This starter guide provides advice for players who do not know how to begin their Minecraft journey. It mainly teaches you what to do on your first day, so you can safely survive the first night.

Your character can die in this game, but if you aren't in Hardcore Mode, that doesn't end the game. Indeed, it's mostly an inconvenience. If you take enough damage to die, your things drop where you died, and your character respawns elsewhere. Initially this is near where you started (the "world spawn"), but using a bed lets you pick the spot.

Again, most of this article assumes you are using keyboard and mouse, but here is a brief summary for other control methods such as game controllers or touchscreens:

Moving the mouse (or trackball, for simplicity we refer to the mouse) forward and back causes your character to look upward and downward. Moving the mouse left and right causes your character to turn in that direction, changing which direction is "forward". The keys AWSD moves your character left, forward, backward and right, respectively; note that none of these make your character turn around or even look in the direction you're moving. Be careful about moving to the sides or backward without knowing what's there, as you can fall off cliffs or otherwise run into danger! Looking around also lets you pick out individual blocks or creatures to interact with, see below. Walking off off the edge of a horizontal surface results in you falling. If you fall more than three blocks (and not into water) you take damage depending on the distance fallen. If you fall into the water below your head, you end up drowning unless you swim back to the surface. And if you fall into lava, you quickly burn to death! So, moving around in the Minecraft world, you need to exercise basic caution at all times.

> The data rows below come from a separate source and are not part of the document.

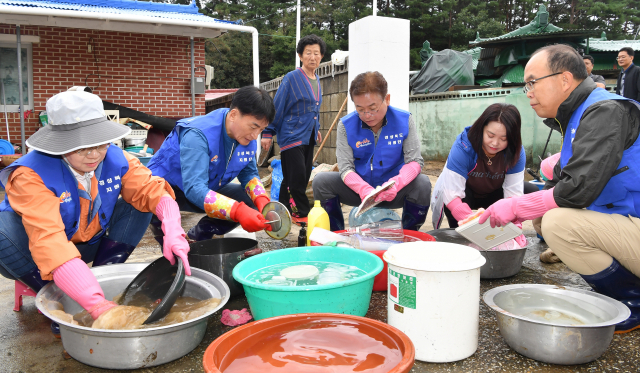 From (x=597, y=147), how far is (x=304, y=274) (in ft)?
4.80

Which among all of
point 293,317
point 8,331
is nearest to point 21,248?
point 8,331

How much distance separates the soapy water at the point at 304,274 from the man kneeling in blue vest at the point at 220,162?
41cm

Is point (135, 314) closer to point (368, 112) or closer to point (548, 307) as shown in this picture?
point (548, 307)

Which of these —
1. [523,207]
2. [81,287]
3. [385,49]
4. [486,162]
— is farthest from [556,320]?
[385,49]

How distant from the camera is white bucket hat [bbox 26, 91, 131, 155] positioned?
6.53 ft

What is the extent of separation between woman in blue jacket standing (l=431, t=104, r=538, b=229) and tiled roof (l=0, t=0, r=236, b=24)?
6786mm

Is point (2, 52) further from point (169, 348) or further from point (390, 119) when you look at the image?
point (169, 348)

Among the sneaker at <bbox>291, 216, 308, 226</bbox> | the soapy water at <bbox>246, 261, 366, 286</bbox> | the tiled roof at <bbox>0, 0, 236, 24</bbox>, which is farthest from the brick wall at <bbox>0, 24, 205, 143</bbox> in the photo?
the soapy water at <bbox>246, 261, 366, 286</bbox>

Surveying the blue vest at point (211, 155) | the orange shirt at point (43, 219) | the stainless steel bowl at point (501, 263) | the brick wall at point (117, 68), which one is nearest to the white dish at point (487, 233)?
the stainless steel bowl at point (501, 263)

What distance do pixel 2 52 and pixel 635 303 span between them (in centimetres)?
983

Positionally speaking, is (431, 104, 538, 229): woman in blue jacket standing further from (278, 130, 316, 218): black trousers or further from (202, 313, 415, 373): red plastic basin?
(202, 313, 415, 373): red plastic basin

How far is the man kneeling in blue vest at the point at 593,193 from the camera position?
77.3 inches

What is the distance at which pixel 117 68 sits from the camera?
873 cm

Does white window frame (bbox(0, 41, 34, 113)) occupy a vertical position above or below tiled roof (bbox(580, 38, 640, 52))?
below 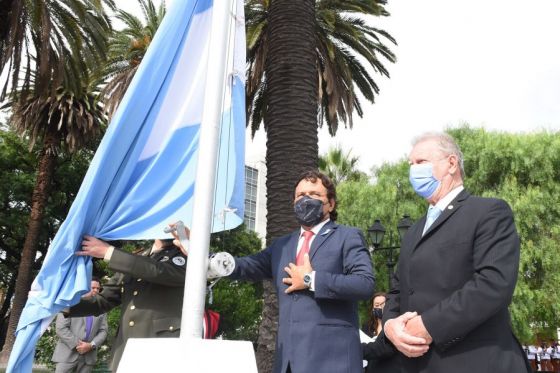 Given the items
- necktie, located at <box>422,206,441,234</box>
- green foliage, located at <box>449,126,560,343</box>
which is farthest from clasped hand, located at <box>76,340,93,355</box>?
green foliage, located at <box>449,126,560,343</box>

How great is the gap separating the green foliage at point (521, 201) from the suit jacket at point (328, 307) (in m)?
15.3

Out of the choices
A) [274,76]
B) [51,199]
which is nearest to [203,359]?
[274,76]

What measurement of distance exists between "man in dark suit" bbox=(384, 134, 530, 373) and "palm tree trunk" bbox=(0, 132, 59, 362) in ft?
61.7

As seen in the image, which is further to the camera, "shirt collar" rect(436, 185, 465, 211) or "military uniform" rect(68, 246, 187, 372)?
"military uniform" rect(68, 246, 187, 372)

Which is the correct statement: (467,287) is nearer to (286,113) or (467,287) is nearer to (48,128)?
(286,113)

Double-tapping and holding the "forward" key (again, W by default), or pressing Ctrl while moving forward, causes you to sprint, running faster (but this consumes food more quickly). If you fall into water, the same keys let you swim around.

The Spacebar lets you jump; you can jump one-and-a-quarter blocks high, and can also jump across a two block gap in the ground (four blocks if sprinting). By default, walking into a one-block-higher edge automatically makes you jump up to the new level, but there are still many situations where you need to jump upward. If you turn off Auto-Jump you need to explicitly jump up to higher terrain. If you fall into water (or lava!), this same key is how you move upward toward the surface, and jump out onto the shore.

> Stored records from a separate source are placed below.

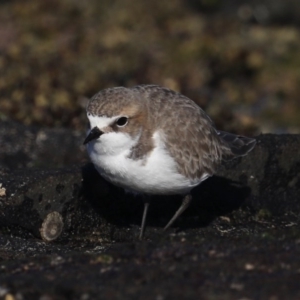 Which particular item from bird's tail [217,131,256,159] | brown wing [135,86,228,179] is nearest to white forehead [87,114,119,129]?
brown wing [135,86,228,179]

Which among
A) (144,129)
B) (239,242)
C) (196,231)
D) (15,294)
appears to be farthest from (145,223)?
(15,294)

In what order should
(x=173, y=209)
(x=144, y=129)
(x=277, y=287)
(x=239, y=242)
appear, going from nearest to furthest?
(x=277, y=287), (x=239, y=242), (x=144, y=129), (x=173, y=209)

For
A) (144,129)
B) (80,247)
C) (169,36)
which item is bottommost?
(80,247)

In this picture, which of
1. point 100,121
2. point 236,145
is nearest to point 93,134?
point 100,121

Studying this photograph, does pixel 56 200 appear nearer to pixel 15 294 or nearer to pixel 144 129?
pixel 144 129

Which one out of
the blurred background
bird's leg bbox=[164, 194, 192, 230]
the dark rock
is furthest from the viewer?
the blurred background

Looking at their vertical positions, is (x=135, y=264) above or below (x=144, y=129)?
below

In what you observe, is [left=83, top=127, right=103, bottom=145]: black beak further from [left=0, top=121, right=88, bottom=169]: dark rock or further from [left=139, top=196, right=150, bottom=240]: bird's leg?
[left=0, top=121, right=88, bottom=169]: dark rock
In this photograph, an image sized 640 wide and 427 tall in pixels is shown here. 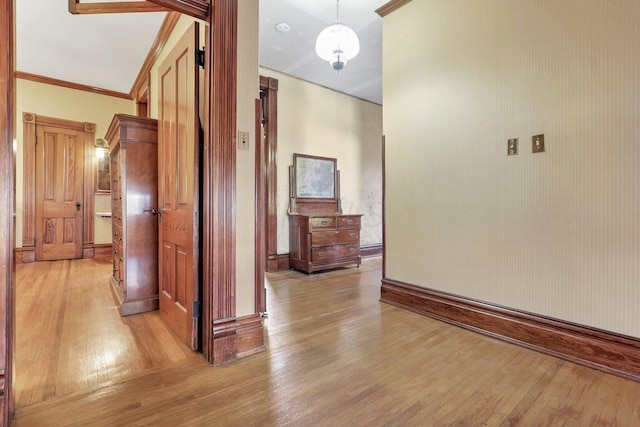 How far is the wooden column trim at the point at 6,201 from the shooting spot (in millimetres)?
1217

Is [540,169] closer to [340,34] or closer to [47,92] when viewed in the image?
[340,34]

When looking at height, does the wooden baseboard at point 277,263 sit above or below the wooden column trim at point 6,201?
below

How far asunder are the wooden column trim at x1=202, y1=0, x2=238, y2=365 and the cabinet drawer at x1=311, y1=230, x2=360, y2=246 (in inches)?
98.6

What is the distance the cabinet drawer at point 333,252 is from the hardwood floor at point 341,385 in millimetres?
1954

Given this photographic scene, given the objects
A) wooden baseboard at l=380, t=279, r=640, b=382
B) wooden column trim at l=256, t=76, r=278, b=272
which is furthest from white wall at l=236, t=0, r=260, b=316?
wooden column trim at l=256, t=76, r=278, b=272

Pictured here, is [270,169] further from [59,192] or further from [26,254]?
[26,254]

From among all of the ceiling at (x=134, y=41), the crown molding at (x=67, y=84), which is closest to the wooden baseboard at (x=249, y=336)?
the ceiling at (x=134, y=41)

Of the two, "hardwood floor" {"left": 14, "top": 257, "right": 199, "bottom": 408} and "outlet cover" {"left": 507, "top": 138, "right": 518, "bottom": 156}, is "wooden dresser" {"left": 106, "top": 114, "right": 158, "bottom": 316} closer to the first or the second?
"hardwood floor" {"left": 14, "top": 257, "right": 199, "bottom": 408}

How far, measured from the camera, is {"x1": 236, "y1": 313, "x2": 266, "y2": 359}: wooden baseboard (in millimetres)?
1886

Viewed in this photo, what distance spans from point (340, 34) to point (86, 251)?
18.2ft

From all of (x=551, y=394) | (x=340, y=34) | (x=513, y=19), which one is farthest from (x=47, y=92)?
(x=551, y=394)

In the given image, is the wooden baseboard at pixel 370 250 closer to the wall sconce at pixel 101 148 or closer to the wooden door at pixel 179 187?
the wooden door at pixel 179 187

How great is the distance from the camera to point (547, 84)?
204 cm

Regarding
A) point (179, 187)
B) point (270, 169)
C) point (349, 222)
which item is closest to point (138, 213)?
point (179, 187)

The ⇧ Left Shift key makes you "sneak". While sneaking, your viewpoint gets a little lower, and you move slower than the casual walking speed. The benefit of sneaking is that you cannot fall off the edge of a block; in fact, you can sneak slightly over the edge of a block, to look at and interact with the side of the block you're standing on.

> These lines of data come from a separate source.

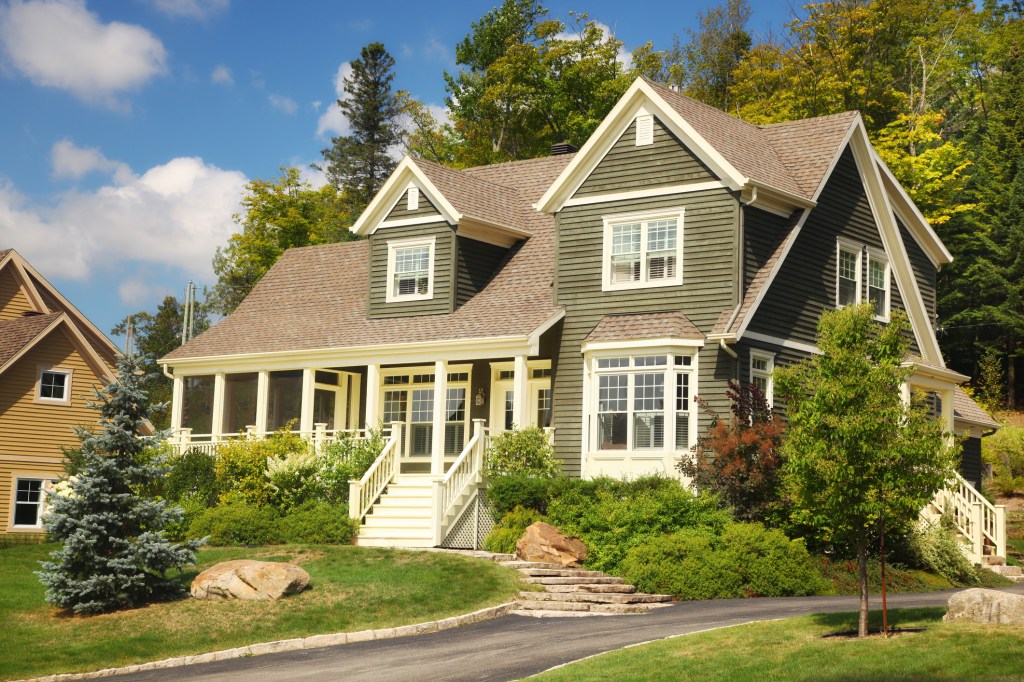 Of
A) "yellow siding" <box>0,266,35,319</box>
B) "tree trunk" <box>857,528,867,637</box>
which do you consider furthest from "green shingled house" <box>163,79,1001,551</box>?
"tree trunk" <box>857,528,867,637</box>

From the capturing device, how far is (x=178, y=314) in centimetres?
7200

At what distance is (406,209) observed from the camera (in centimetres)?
3088

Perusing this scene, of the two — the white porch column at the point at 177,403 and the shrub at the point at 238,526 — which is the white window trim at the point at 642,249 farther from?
the white porch column at the point at 177,403

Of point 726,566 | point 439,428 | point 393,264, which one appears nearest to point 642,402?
point 439,428

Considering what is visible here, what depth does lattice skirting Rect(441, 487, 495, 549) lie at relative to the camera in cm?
2561

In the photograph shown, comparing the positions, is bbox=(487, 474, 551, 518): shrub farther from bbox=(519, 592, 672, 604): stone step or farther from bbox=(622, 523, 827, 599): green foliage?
bbox=(519, 592, 672, 604): stone step

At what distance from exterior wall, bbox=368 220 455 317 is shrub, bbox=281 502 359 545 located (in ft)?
20.1

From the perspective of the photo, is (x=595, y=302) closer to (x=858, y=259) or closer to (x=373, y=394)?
(x=373, y=394)

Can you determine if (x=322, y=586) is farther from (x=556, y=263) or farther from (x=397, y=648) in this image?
(x=556, y=263)

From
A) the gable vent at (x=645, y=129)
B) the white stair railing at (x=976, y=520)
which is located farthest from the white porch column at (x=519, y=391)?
the white stair railing at (x=976, y=520)

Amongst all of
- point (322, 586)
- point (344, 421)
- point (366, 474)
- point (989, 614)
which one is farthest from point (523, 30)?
point (989, 614)

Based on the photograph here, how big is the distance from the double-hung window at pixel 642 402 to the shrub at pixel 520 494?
163 centimetres

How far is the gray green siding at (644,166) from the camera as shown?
86.0ft

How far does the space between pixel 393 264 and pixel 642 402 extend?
8655mm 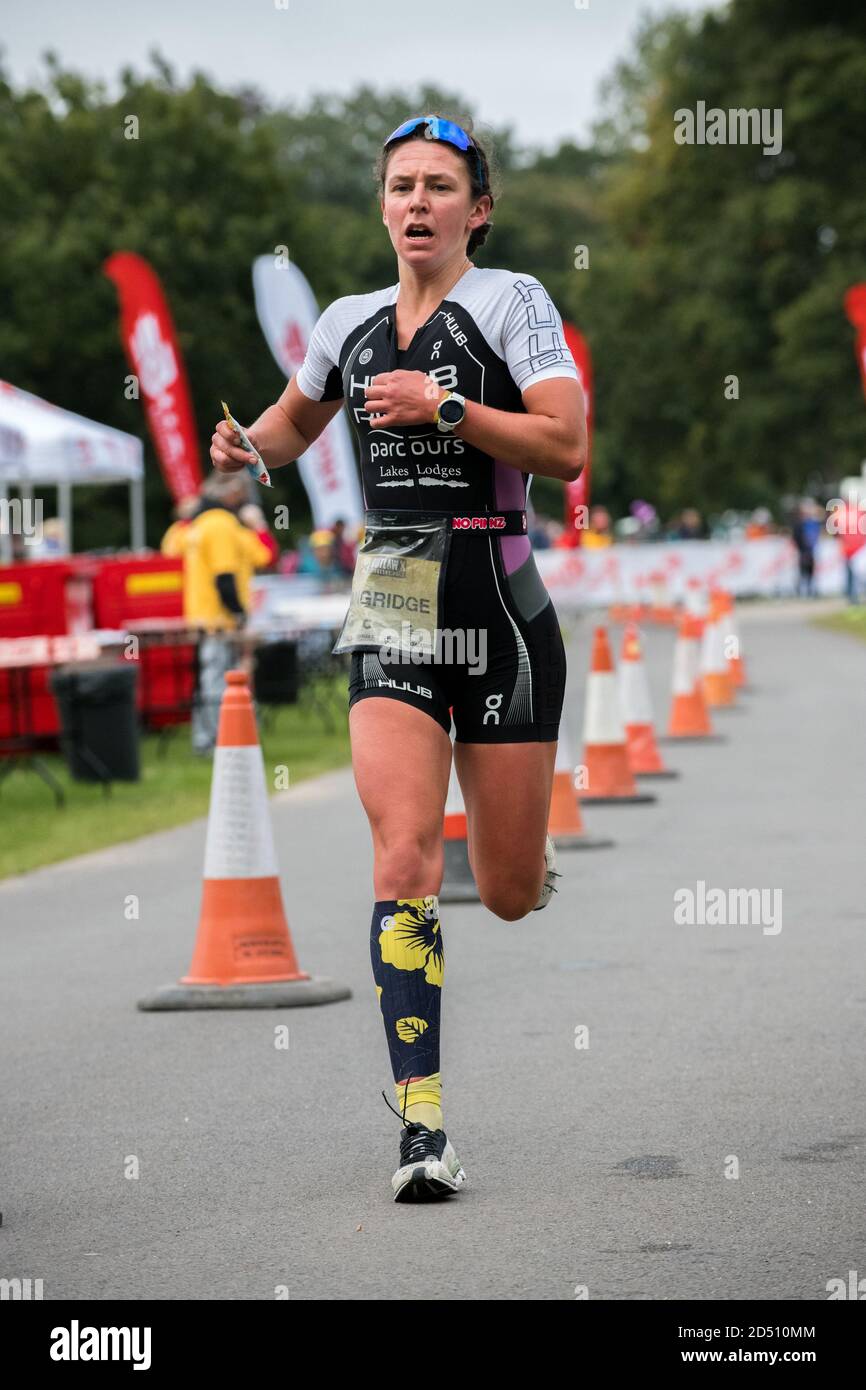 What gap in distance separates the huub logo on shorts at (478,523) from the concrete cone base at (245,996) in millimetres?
3001

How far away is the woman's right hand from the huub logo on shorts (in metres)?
0.52

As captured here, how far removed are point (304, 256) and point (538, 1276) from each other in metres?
55.7

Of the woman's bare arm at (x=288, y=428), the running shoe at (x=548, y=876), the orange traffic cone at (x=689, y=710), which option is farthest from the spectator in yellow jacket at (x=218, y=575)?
the running shoe at (x=548, y=876)

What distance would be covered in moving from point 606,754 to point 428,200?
8942 mm

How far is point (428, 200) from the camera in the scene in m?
5.25

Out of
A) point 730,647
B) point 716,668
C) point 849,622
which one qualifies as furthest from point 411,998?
point 849,622

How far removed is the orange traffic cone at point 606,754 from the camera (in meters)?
13.5

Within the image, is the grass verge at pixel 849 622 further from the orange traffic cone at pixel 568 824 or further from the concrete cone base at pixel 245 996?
the concrete cone base at pixel 245 996

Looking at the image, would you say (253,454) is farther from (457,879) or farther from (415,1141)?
(457,879)

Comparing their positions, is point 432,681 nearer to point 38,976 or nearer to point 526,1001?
point 526,1001

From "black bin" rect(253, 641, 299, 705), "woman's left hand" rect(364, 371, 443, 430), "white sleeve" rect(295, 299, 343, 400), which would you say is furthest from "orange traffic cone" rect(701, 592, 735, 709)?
"woman's left hand" rect(364, 371, 443, 430)

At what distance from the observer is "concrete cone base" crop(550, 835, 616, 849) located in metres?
12.1

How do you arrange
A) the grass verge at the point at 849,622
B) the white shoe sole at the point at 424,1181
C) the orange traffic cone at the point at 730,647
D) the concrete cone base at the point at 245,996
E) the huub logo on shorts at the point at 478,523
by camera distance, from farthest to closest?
the grass verge at the point at 849,622 < the orange traffic cone at the point at 730,647 < the concrete cone base at the point at 245,996 < the huub logo on shorts at the point at 478,523 < the white shoe sole at the point at 424,1181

It is also a possibility for your character to crawl, but this is more of the complex controls. see the article "Crawling" for full details and how to use the crawling control.

To interact with blocks, you need to move relatively close (within four or five blocks distance), and "focus" on the block by moving your cursor (the crosshairs) over the block you want to interact with.

Pressing the left button Mouse 1.svg hits whatever you are focused on. Suppose you want to dig a piece of wood, focus on that piece of log and keep holding the left button until it shatters and drops a log.Mouse 1.svg This is also how you attack animals or monsters later. Holding down the button on a block continues hitting it, eventually breaking it, making a block pop up in your inventory. This is generally how you collect materials from the world. Some blocks require particular tools to collect them, like diamond ore, but the first two sorts of blocks you collect are likely wood and dirt (grass blocks count as dirt), and both of those can be gathered with your bare hands, and no tools. Holding something that is not a tool (such as wood blocks or dirt) or using the wrong tool to dig blocks is still the same speed as unarmed, does not improve mining efficiency, and if you use the wrong tool to mine, the tool will be deducted of durability! Generally when you start a world, the first thing you should do is to find some trees and break a few blocks of wood out of their trunks ("punching wood"). Once broken, the blocks drop as loose items, leaving a floating block on the ground, representing the block you broke, which you can move toward to collect. Holding something that isn't a tool (say, the block of wood or dirt you just picked up) still counts as "bare hands". Other things seen around you, such as tall grass or flowers, still count as blocks despite not being square, but they don't necessarily "drop themselves" when hit. For example, tall grass usually drops nothing, but sometimes drops seeds, which you can later plant to grow wheat for making bread to eat.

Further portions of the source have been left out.